Data for the task
__________

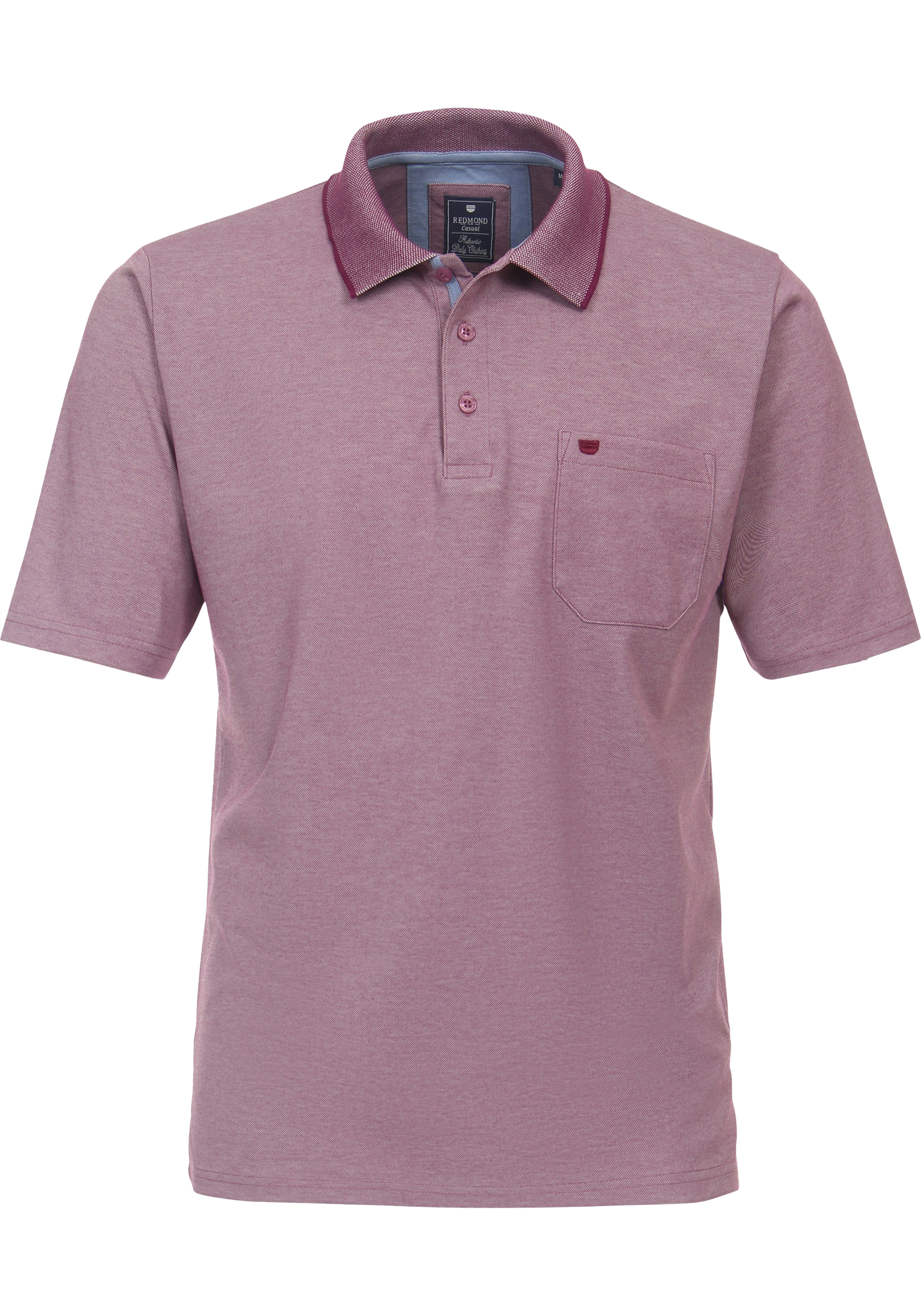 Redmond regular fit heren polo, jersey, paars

__________

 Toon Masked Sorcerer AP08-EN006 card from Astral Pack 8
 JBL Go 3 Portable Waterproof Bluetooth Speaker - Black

__________

Task prompt
Reproduce exactly the lines of the records above from the one with "Toon Masked Sorcerer" to the one with "JBL Go 3 Portable", both included, and leave out everything else.

Solution
 Toon Masked Sorcerer AP08-EN006 card from Astral Pack 8
 JBL Go 3 Portable Waterproof Bluetooth Speaker - Black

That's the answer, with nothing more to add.